Though President Biden inked the largest federal pay raise since 1980 last month, there are concerns from at least one federal employee union that ongoing inflationary pressures are eating into the 5.2% pay bump — a 4.7% across-the-board increase to basic pay, along with an average 0.5% increase in locality pay — that workers received.
Officials from the National Federation of Federal Employees, which represents more than 110,000 workers nationwide, said in a release earlier this month that inflation and a widening compensation gulf between the public sector and its private sector counterparts means the federal government must do more to help its talent keep pace with the economy.
“Thank you to President Biden for signing into law the largest pay increase for federal employees in more than 40 years,” said NFFE National President Randy Erwin in a statement. “Congress must understand that to attract and retain a skilled workforce that best serves the American people, we need to pay our civil servants competitive wages.”

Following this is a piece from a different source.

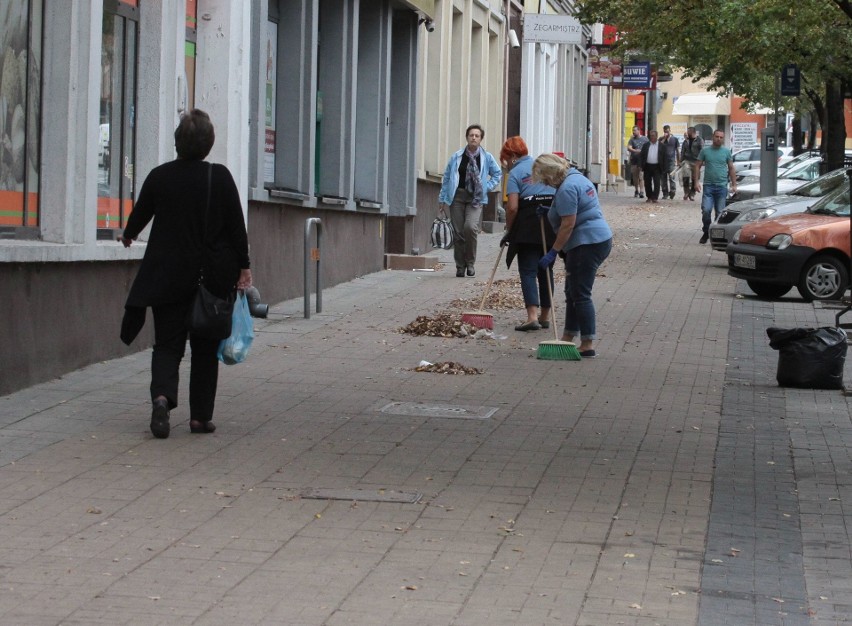 Mimo, że pracownice MZDiK codziennie starają się sprzątać...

The 5.2% pay raise was already somewhat of an anomaly, because it was initially proposed by the White House in March and saw backing in both the House and Senate versions of the fiscal 2024 National Defense Authorization Act, but still needed approval from Congress.
However, amid the ongoing budget appropriations impasse, Congress never offered its own pay raise plan before the end of the year, leaving President Biden to cement his by executive order.
However, NFFE notes that even with the executive order, federal employees in lower locality pay areas of the country could see a bump as low as 4.94%. Meanwhile, Federal Wage System employees could see shifting rates determined by “prevailing rate calculations for a specific area” and wouldn’t get the raise until fiscal 2024 pay limitations have been put in place.
Because of this, NFFE officials backed legislation from Sen. Brian Schatz, D-Hawaii, last year dubbed the Federal Adjustment of Income Rates, or FAIR, Act. The FAIR Act proposed to raise federal employee wages by 8.7% when combined with base and locality pay, but the bill never made it out of committee.
This comes as Bureau of Labor Statistics data showed in November that federal workers made 27.54% less on average than their private sector counterparts, up from 24.09% in 2022.
To help ensure that federal employees can keep pace with the economy, particularly when agencies are striving to both attract and retain talent, some have called for strategies like incorporating incentive payments for sought-after positions as a way to narrow the private sector pay gap.
In response to a proposed Office of Personnel Management rule issued Jan. 16 to expand the authority to waive the normal payment limitations on recruitment and relocation incentives, Partnership for Public Service president and CEO Max Stier said the federal government should widen its scope even further.
“The federal government should go beyond this individual approach and analyze the compensation for full fields of difficult to hire positions,” he said in the proposed rule’s comments. “This would enable agencies to provide competitive incentives to reduce pay gaps, quicken the time to hire more broadly and broadcast to current and potential employees that the federal government is willing and equipped to compete for their talent.”
Meanwhile, NFFE officials said they will continue to call for broad-scale reforms such as updates to the Federal Wage System, better data to capture the economic growth happening in locality pay areas to elevate pay and better alignment between the FWS and General Schedule systems, for which there is currently legislation on Capitol Hill that the union supports.